Bankers question new U.S. Treasury check.

The Financial Management Service, an arm of the U.S. Treasury that performs cash management services for federal agencies, expects to introduce a new payment instrument next year that competes with bank products.

The paper-based payment mechanism, called FedSelect, could be in use by U.S. government agencies by April, Financial Management Service officials said.

The FMS issued a proposal in October and is collecting comments before drafting a final rule.

The payment system is proposed to compete with check-like instruments called third-party drafts now provided by the banking industry.
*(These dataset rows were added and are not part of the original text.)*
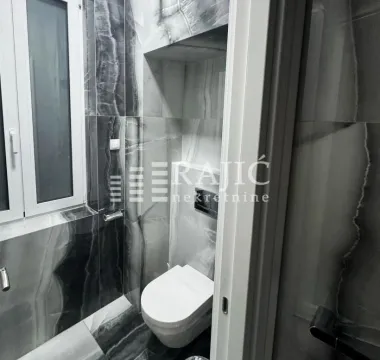 Modernly equipped bathroom with marble tiles. - image 14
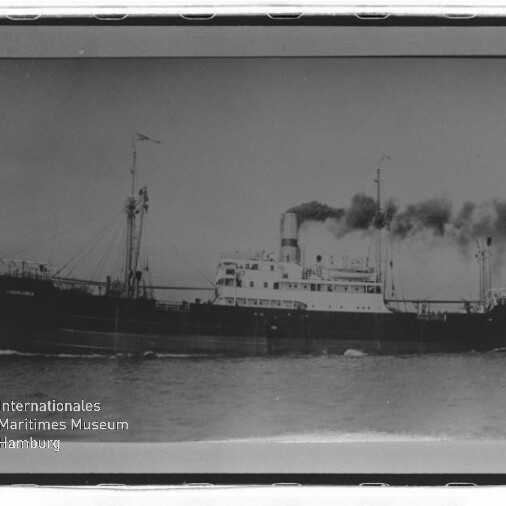 Schwarzweißfoto eines Dampfschiffs auf See mit Rauch aus dem Schornstein und Ladegeschirr; Museumslogo links unten.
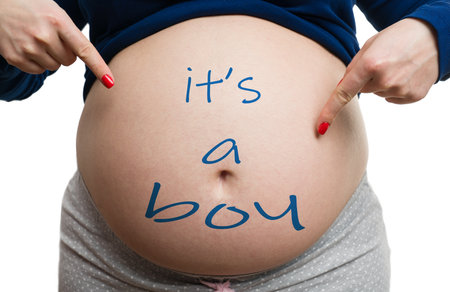 Close-up of pregnant mom showing belly with its a boy text as gender reveal concept isolated on...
The move by FMS is an effort to offer an alternative to draft services by banks. The major players in third-party drafts are Chemical Bank, New York; Mellon Bank, Pittsburgh; Riggs National Bank, Washington, D.C.; and Minneapolis-based Gelco PayNetwork, which uses Norwest Bank as its processor.

"We are talking about having our own third-party draft service," said Ollice Holden, regional director of FMS and sponsor of the proposal. "It is a commercial item internal to the government itself."
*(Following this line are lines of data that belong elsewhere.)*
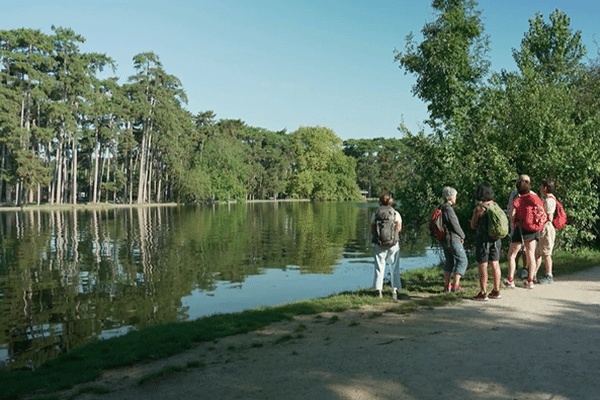 Un groupe s'arrête au bord du lac du bois de Boulogne pour admirer la vue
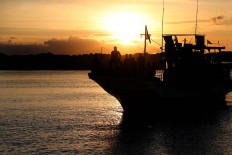 Enjoying the view: Sport fishing competitors sit on the deck of their ship during sunset. JP/ PJ Leo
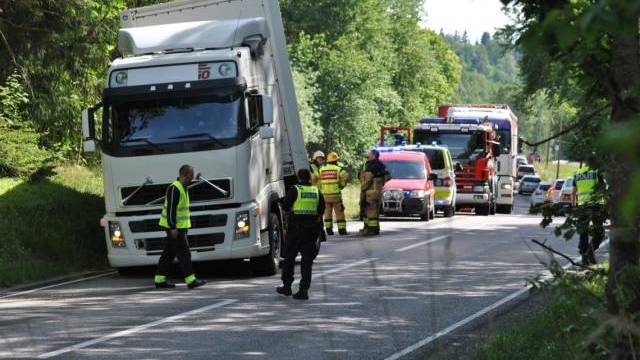 Flera utryckningsfordon och personal rycker ut till en incident med en vit lastbil på en trädkantad väg i dagsljus.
The cash management service allows employees to make payments in areas where they have no bank accounts.

Officials said that 32 agencies, including the departments of Housing and Urban Development, Agriculture, and Veterans Affairs use third-party draft services.
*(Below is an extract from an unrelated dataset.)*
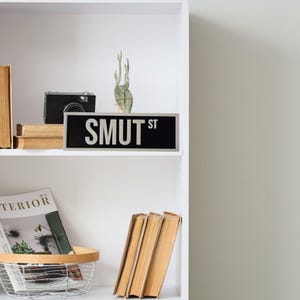 Puede incluir: Una estanter&iacute;a blanca exhibe un letrero negro que dice "SMUT ST" en letras blancas. Una c&aacute;mara negra, libros peque&ntilde;os y un cactus tambi&eacute;n est&aacute;n en el estante. Una revista y libros est&aacute;n en el estante inferior.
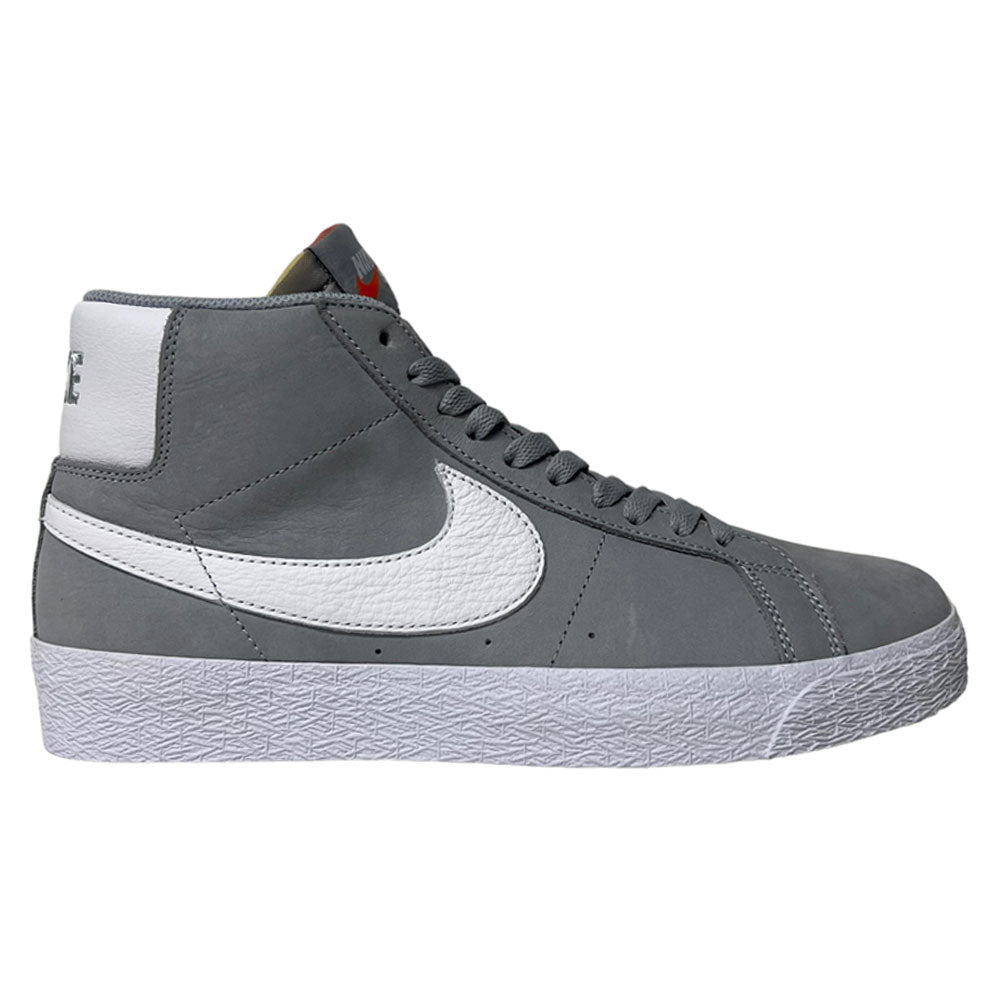 The Nike SB Blazer Mid DV5467001 White Wolf Grey Shoes are high-top sneakers featuring a large white Swoosh, grey upper, white heel detail, grey laces, and a textured white sole for skate style and responsive cushioning, shown in side profile.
Last year, the agencies used 2.1 million drafts for a total dollar value of $500 million, according to FMS.

Mr. Holden said the proposal was part of the government's overall movement to cut costs. Comparisons based on actual billings from banks, he said, show that "our service to the government will be at least 50% less than what is being charged to us now.

"That's what it's all about," he continued. "In reinventing government, we are supposed to isolate and deal with those kinds of issues. If we could not produce a better product at a cheaper price, we would not do it."

Agency use of FedSelect will be voluntary, FMS officials said.

Unlike standard Treasury checks, which are valid for one year, FedSelect checks will be negotiable for either 90 or 120 days.

Also, agencies using the checks can stop payment on these checks.

The Uniform Commerical Code regulations that govern liability for Treasury checks will not apply to FedSelect checks.

In a comment letter, Kawika Daguio, federal representative of operations and retail banking at the American Bankers Association, said this difference would expose banks to the risk of fraud.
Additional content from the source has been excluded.